Eleventh Circuit ruling halts DOT directive targeting nine-year partnership as US-Mexico aviation tensions escalate over cargo operations

The United States Court of Appeals for the Eleventh Circuit has temporarily halted a Department of Transportation (DOT) order of 15 September to force Delta Air Lines and Aeromexico to unwind their joint venture (JV) by 1 January.
The airlines had gone to court to block the DOT order to repeal the nearly nine-year-old JV in which the carriers coordinate on US-Mexico flights.
The DOT order was issued in September as part of several actions taken by the US aimed at Mexico’s aviation sector in light of its anti-competition concerns.
The order would terminate antitrust immunity and withdraw the approval the DOT had previously given to the Joint Cooperation Agreement between Aeromexico and Delta.
An Aeromexico statement noted that the effectiveness of the DOT’s order is now “stayed pending resolution of the judicial review”.
This is the latest move in a long-running saga.
In July this year, the US government placed restrictions on Mexico’s air cargo and passenger operations in response to what it said was “abuse” of the 2015 US-Mexico Air Transport Agreement and ongoing anti-competitive behaviour.
According to the DOT, Mexico has not been in compliance with the agreement since carriers were required to move cargo operations from Benito Juarez International Airport, known as Mexico City International Airport (MEX), to Felipe Angeles International Airport (AFIA).
Cargo operations were moved from MEX to AFIA to reduce congestion, a decision that was criticised by IATA and the DOT said the action served to disrupt the market.
It said: “In 2023, Mexico unilaterally forced all U.S. all-cargo carriers out of MEX under the same saturation pretences with only 108 business days advance notice.
“Mexico has not taken any action to restore the operating rights of U.S. all-cargo carriers guaranteed in the U.S.-Mexico Air Transport Agreement.”
A couple of months later, the US government ordered Delta and Aeromexico to dissolve their JV, part of that ongoing disagreement with Mexico over the 2015 U.S.-Mexico Air Transport Agreement.
The country’s behaviour is anti-competitive and disadvantages U.S. carriers, and means Delta and Aeromexico have an unfair advantage, the US DOT said then in a press release.
“Mexico’s non-compliance intervenes in the market to provide an unfair advantage to Delta and Aeromexico, who operated a price- and capacity-setting joint venture with conditional approval by USDOT,” it declared.
The Delta-Aeromexico JV must wind down by 1 January 2026, the DOT urged, saying that Delta/Aeromexico would be required to discontinue competitively sensitive activities such as common pricing, capacity management and revenue sharing that require antitrust immunity.
However, Delta and Aeromexico would be able to continue their partnership through arms-length activities such as codesharing, marketing, and frequent flyer cooperation, it conceded.

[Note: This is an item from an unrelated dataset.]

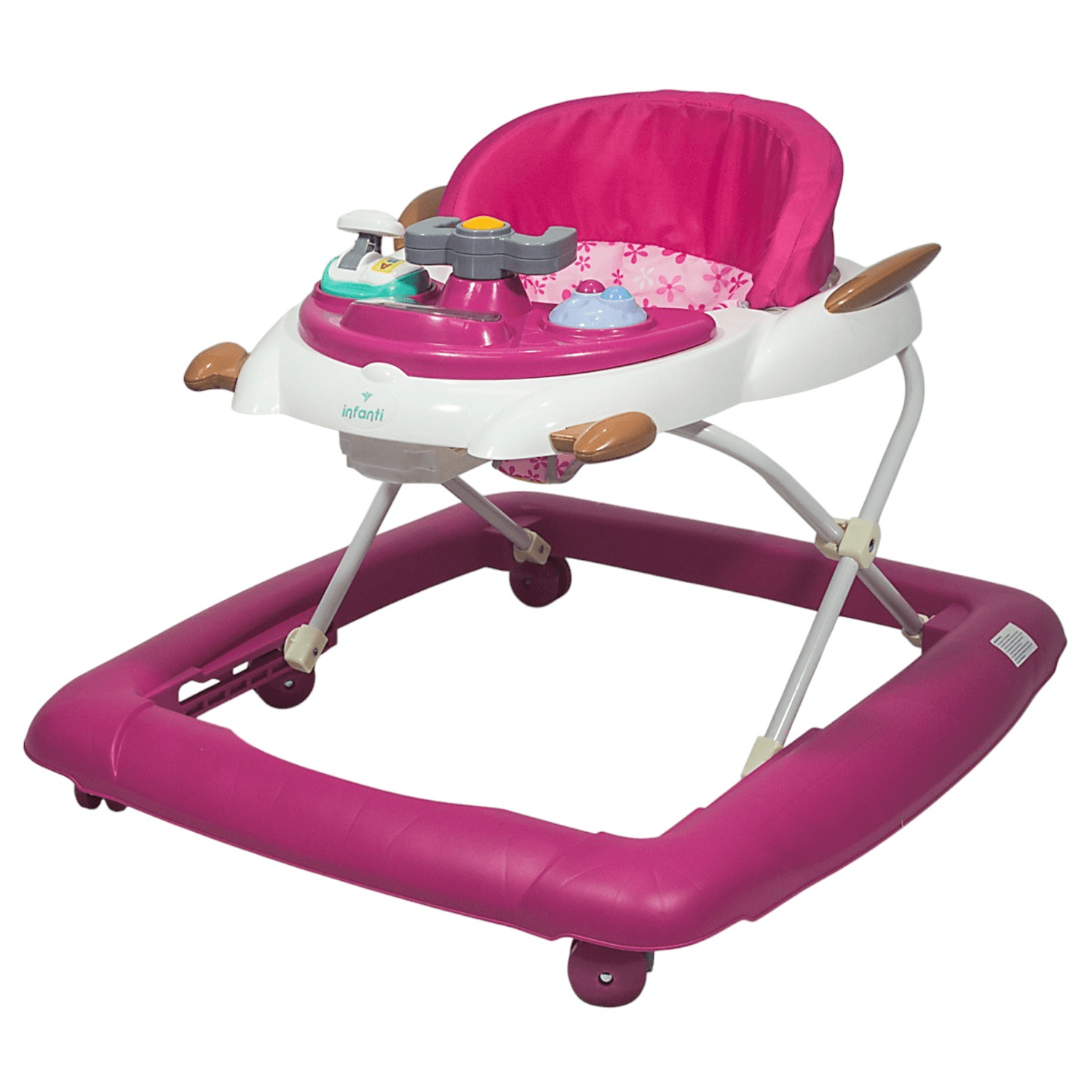 Andador Espacial con sonidos Infanti rosa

But the decision of the Eleventh Circuit Court puts all that in some doubt, at least for the moment.
Earlier this month, the Airforwarders Association (AfA) warned against the reduction in air cargo capacity and of disruption in supply chains that is likely to follow the US government’s withdrawal of 13 routes operated by Mexican airlines.
US Transportation Secretary, Sean Duffy, announced the decision to prevent several Mexican carriers from operating passenger flights into the US at the end of October, removing valuable bellyhold capacity.
But Brandon Fried, AfA executive director, said: “The loss of these flights won’t just affect passengers; it pulls critical cargo capacity out of the market.”